Waarheid is kennis van de werkelijkheid die in hoofden van mensen ontstaat door waarneming in combinatie met het ontvangen van communicaties van anderen. Kennis is in de eerste plaats waar omdat zij de effecten in de werkelijkheid voortbrengt die haar toepassing voorspelt. Kennis kan ook voor waar gehouden worden door macht; doordat de autoriteit er zijn stempel “waar” op heeft gedrukt. Als de te verwachten waarheidseffecten dan niet optreden – in strijd zijn met wat er werkelijk gebeurt bij de toepassing van die kennis – heeft de macht een probleem; haar stempel wordt ongeldig. De waarheid is een slang.
In het museum gaat het om kennis van de bestaanswerkelijkheid van de mens; niet om de waarheid van een triviale observatie zoals “het regent” en ook niet om de harde waarheid van de natuurwetenschappen. Deze waarheid ontstaat niet toevallig in het hoofd van een onderzoeker of een willekeurig persoon maar in een collectief proces van waarheidsproductie. Die productie begint met waarnemingen die vervolgens worden samengebracht in uitspraken of theorieën over de werkelijkheid.
Uitspraken over de bestaanswerkelijkheid van de mens gaan over de maatschappij en de hoedanigheden en levenswijze van individuen en groepen van mensen die deelnemen aan de maatschappij. In het dagelijks spaakgebruik gaat het om de gammawetenschappen; wij hebben het verder over kennis van de maatschappij, waarbij kennis van de hoedanigheden van het individu en de geschiedenis uitdrukkelijk worden ingesloten.
De productie van kennis is nooit een neutrale activiteit; dat de werkelijkheid via waarneming direct de hersenen zou binnendringen klopt niet. Er is kennis nodig om tot waarneming te komen en door het vermeerderen van die kennis wordt de waarneming op haar beurt veranderd. De maatschappij is gebaseerd op taakverdeling tussen mensen en die taakverdeling is altijd gebaseerd op macht. Kennis van de maatschappij dient daarom de macht of, misschien beter, de machtsvraag. Om macht te kunnen uitoefenen, macht te behouden of aan de macht te komen is kennis van de machtsverhoudingen en methoden een vereiste. Het kennisgevecht om de macht zouden we politiek kunnen noemen.

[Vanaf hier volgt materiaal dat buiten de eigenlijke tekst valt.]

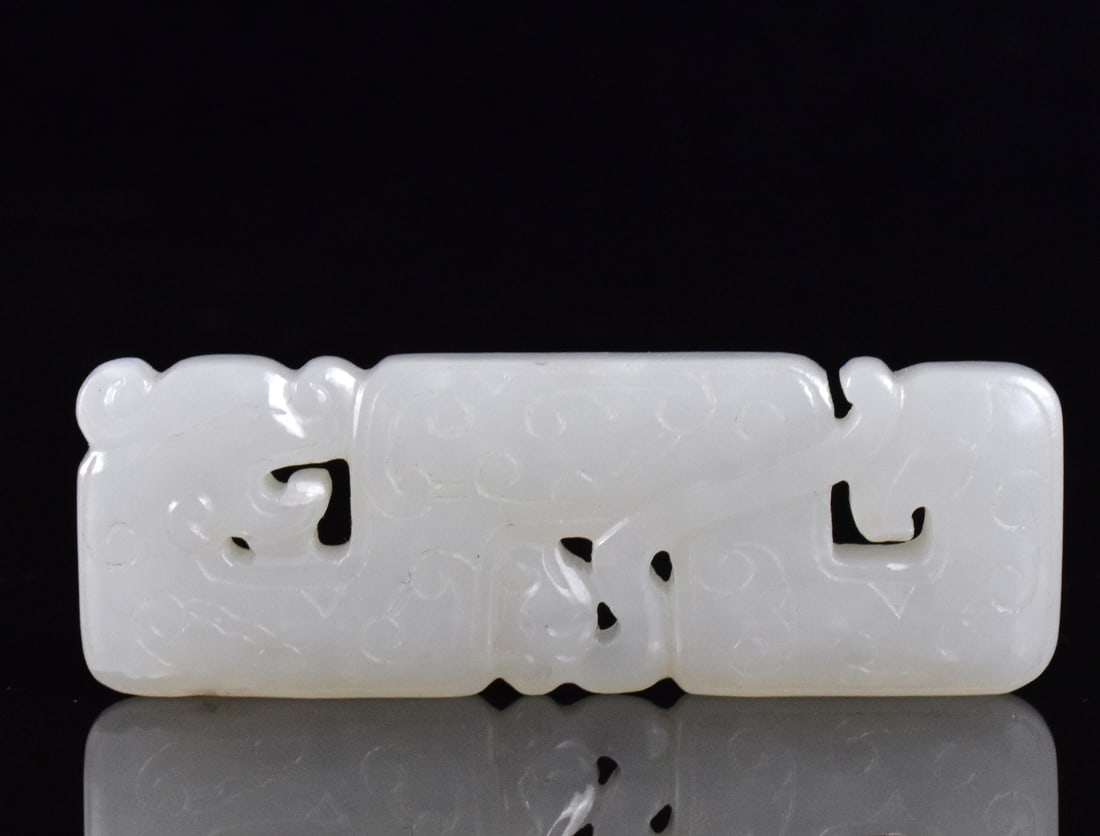 Chinese White Jade Carved Dragon Pendant, 19th C.: A Chinese white jade dragon form pendant. dated from 19th C, The pendant is rectangular with lightly incised archaic clouds design on both sides L. 1 3/4" ( 4.4 cm), W. 5/8" (1.5 cm) Provenance: Estat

Kennis van machtsverhoudingen en van methoden van machtsuitoefening vormen de basis voor kennis van de maatschappij. Het is begrijpelijk dat de heersende macht haar werkwijze geheim wil houden, of in ieder geval niet openbaar maakt. Machtsuitoefening is een voorwaarde voor het bestaan van iedere maatschappij en daarmee niet iets waar men zich voor moet schamen. In vroeger tijden deed men dat ook niet. Integendeel, de vorst, de HEER was luisterrijk. In onze (post)moderne wereld is macht vies geworden en moet haar werkwijze verborgen worden. Aangezien de heersende elite ook het proces van waarheidsproductie stuurt is het bijzonder lastig om kennis over de machtsmechanismen te produceren en vooral om die kennis te verspreiden en toe te passen.
Eeuwenlang werd de waarheid over de aard van het bestaan van de mens door de Abrahamitische, monotheïstische godheid bezeten. Via profeten en priesters werd die waarheid aan de koning en vervolgens aan het volk verkondigd, bijvoorbeeld de tien geboden of allerlei openbaringen. De verlichting bracht een radicale verandering: De waarheid werd op de ratio – het menselijk verstand – gebaseerd. Zij behield echter haar absolute karakter, dat nu ontleend werd aan de successen van de natuurwetenschap. Pas begin 20e eeuw begon het geloof in absoluut ware kennis af te brokkelen en vanaf de jaren zeventig verklaarde het postmodernisme de individuele mens eigenaar van zijn eigen waarheid. Die daarmee aan rationele discussie onttrokken werd.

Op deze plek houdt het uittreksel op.